A Catalan separatist party with a handful of seats in the national parliament in Madrid has proposed a motion to make it easier to evict squatters, but the party’s low profile means the motion will go nowhere.
Catalonia has the biggest squatter problem in Spain by far with more than 40% of all reported cases so it is fitting that a Catalan party should propose a motion in the Spanish Congress of Deputies to make it possible to evict squatters within 48 hours, and empower neighbourhoods and town councils to take legal action against squatters.
The motion was proposed by PDeCAT, a catalan nationalist party with a dominant history in Catalan politics and past life as power broker in Madrid. But these days the PDeCAT has just four seats in the national parliament in Madrid, and none in the regional parliament in Catalonia, so it’s hard to see where the political muscle will come from to take this motion forward into law.
The PDeCAT is proposing a change to the criminal justice law article 544 to allow evictions within 48 hours (2 days) if the occupiers can not produce a property deed or rental contract to justify their presence in a property.
They also propose changing the law for communities of owners (Ley de Propiedad Horizontal) to enable communities to start civil proceedings against squatters to get them evicted in cases where the owners do not start criminal proceedings against them.
Finally the PDeCAT propose giving town councils powers to evict squatters if neither of the other two avenues are pursued because “squatting affects property rights but also the local community and town halls need instruments to deal with this,” explained Genis Boadella, PDeCAT deputy presenting the motion.

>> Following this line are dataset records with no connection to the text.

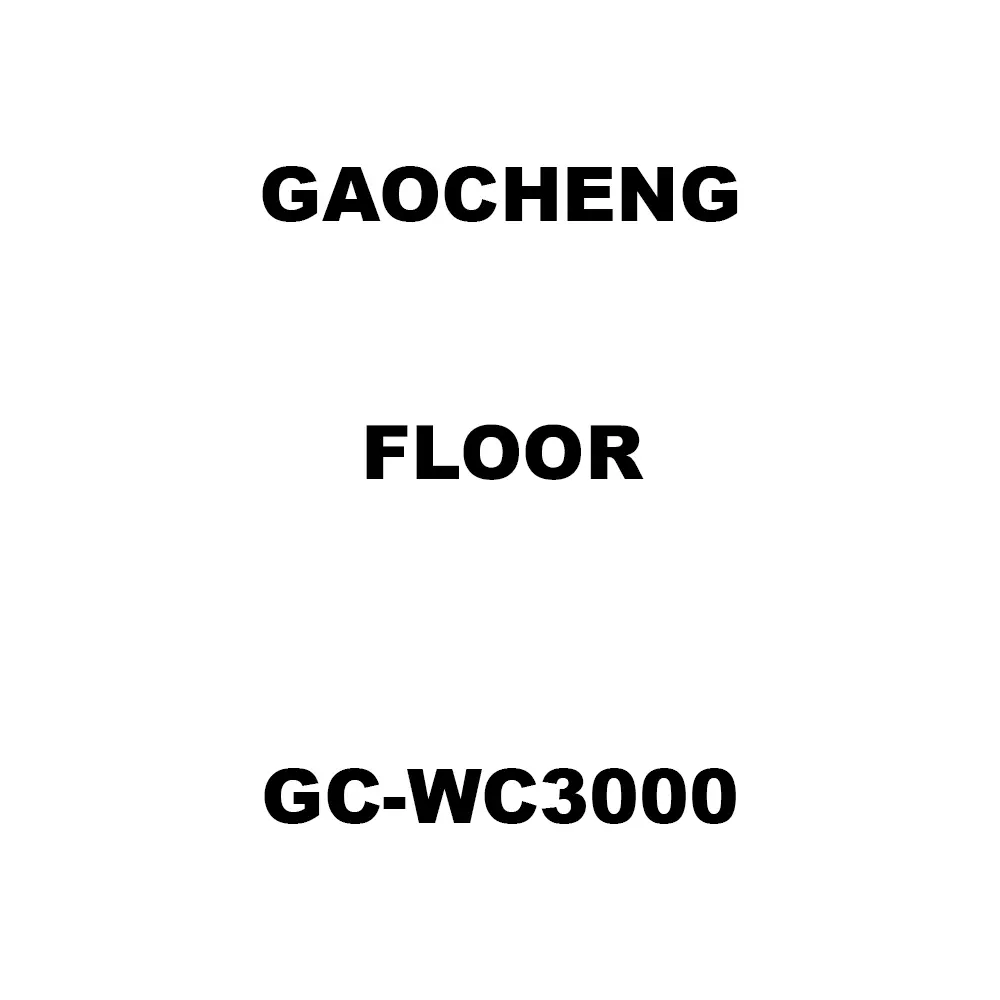 Gaocheng Floor Spare for Wall Chaser GC-WC3000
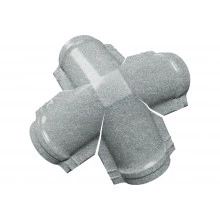 Четверник полукруглого конька Grand Line 0,45 Zn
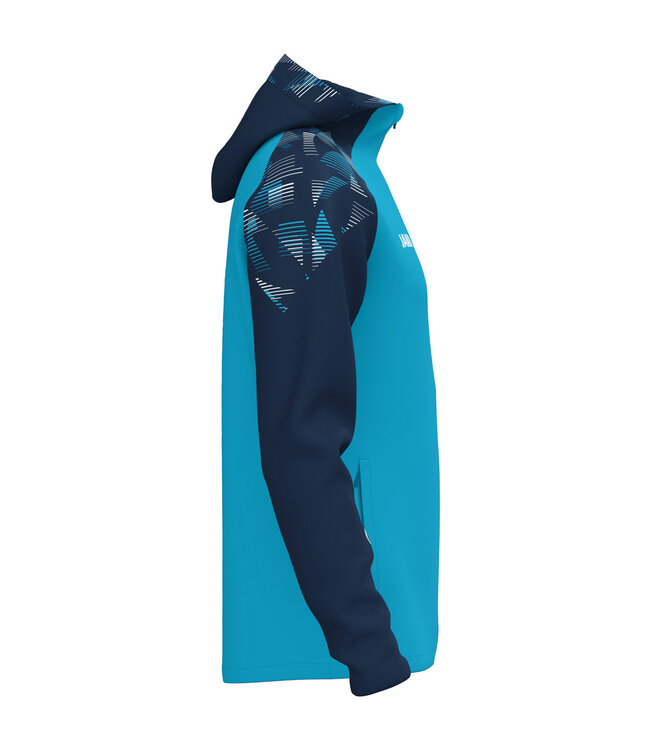 JAKO Jas met Kap Sonic | Heren-Dames-Kids│Aqua-Marine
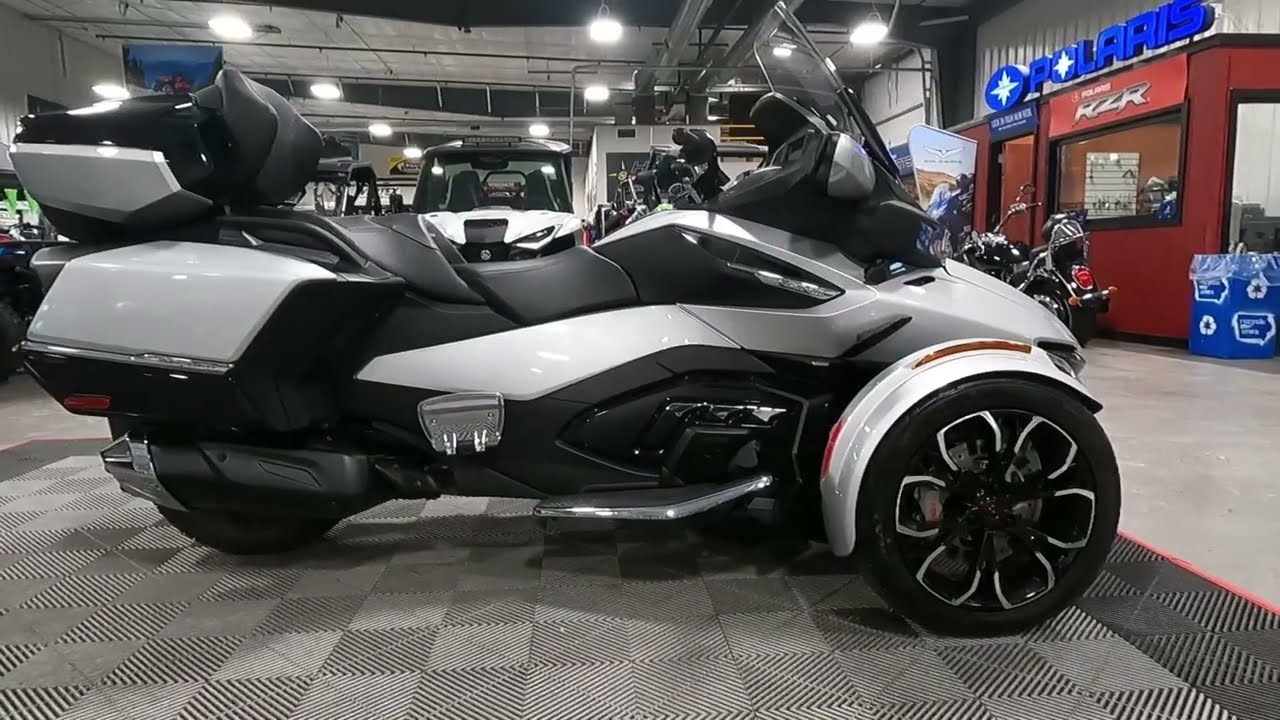 2022 CAN-AM SPYDER RT LIMITED - New 3-Wheel Motorcycle For Sale - Ames, IA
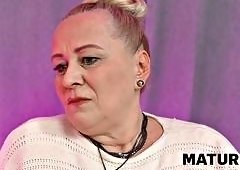 MILF Coco Drains Her Big One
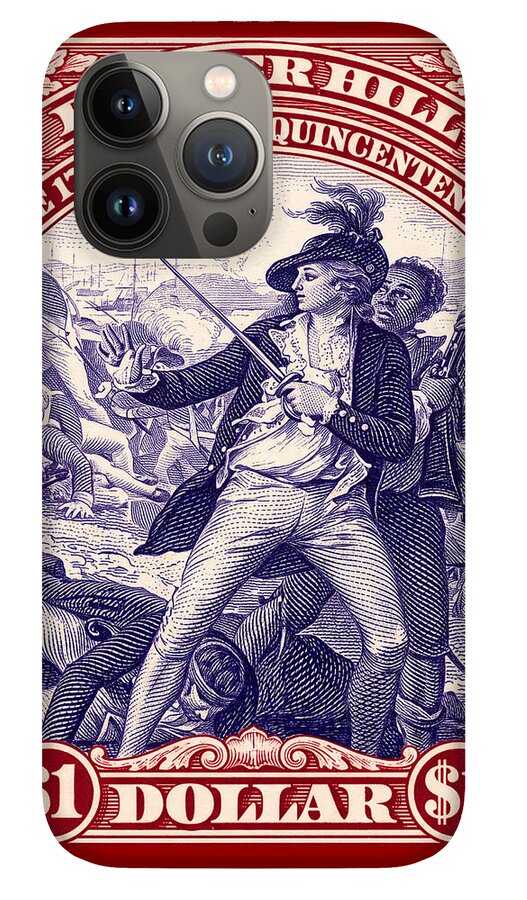 Bunker Hill $1 - Phone Case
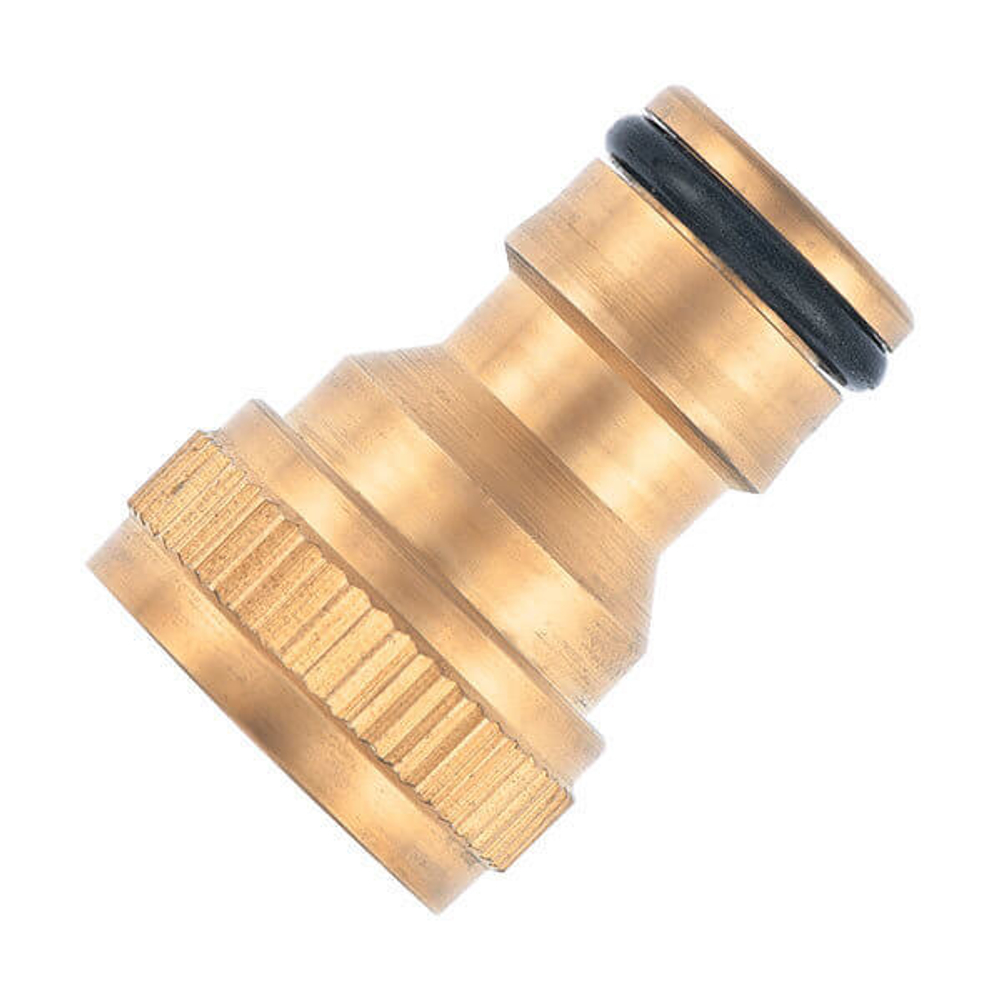 Адаптер латунный, 1/2"-3/4" внутренняя резьба Palisad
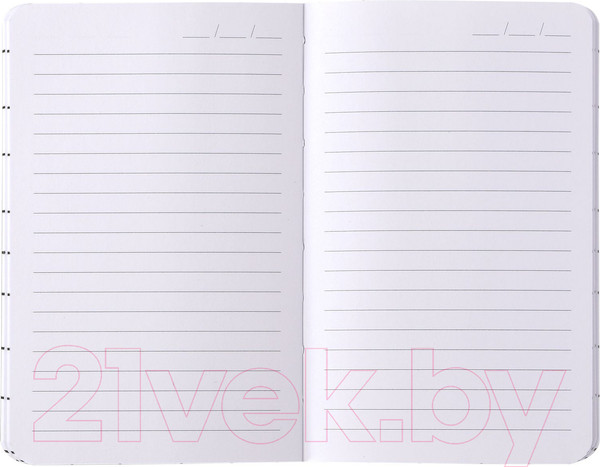 Изображение товара Записная книжка Lorex Start Simple / LXNBA6-SS (128л, белый)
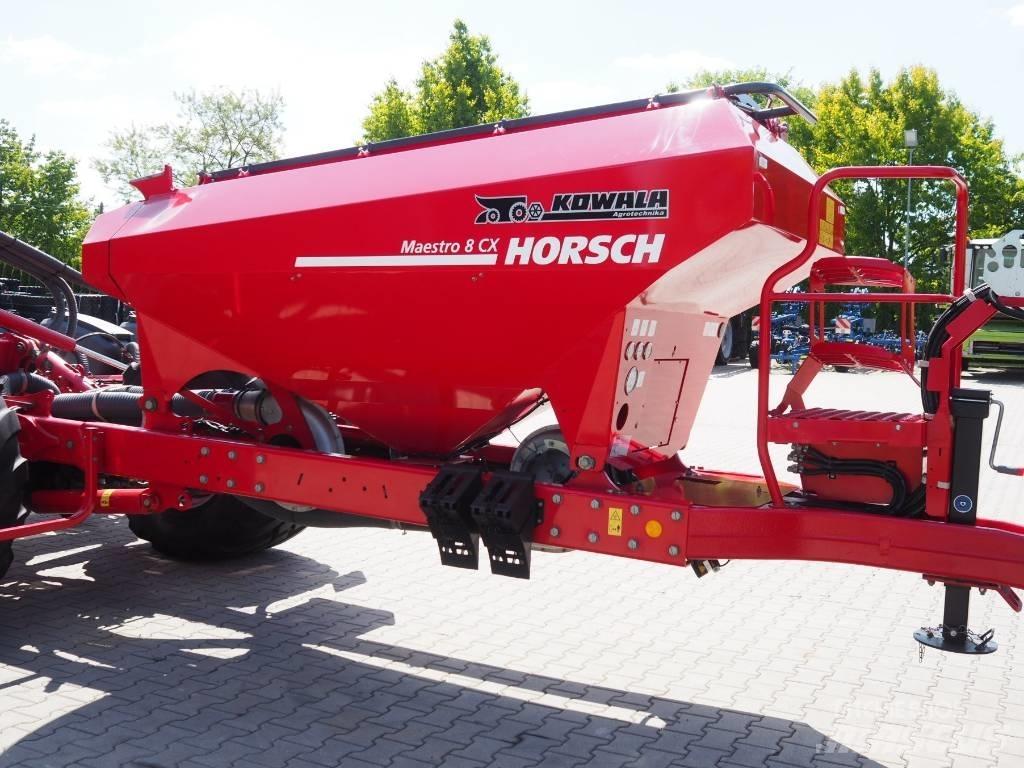 Horsch Maestro 8 CX Precisionsåmaskiner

The PDeCAT is a shadow of its former self, and self-destructed when it sacrificed itself and former leader Artur Más in the cause of Catalan independence from Spain. In doing so it handed considerable power to the hard-left CUP party of Catalonia that supports squatters 100%. So it’s not only fitting, but also ironic that the PDeCAT is proposing laws to clamp down on the squatter problem it helped to create.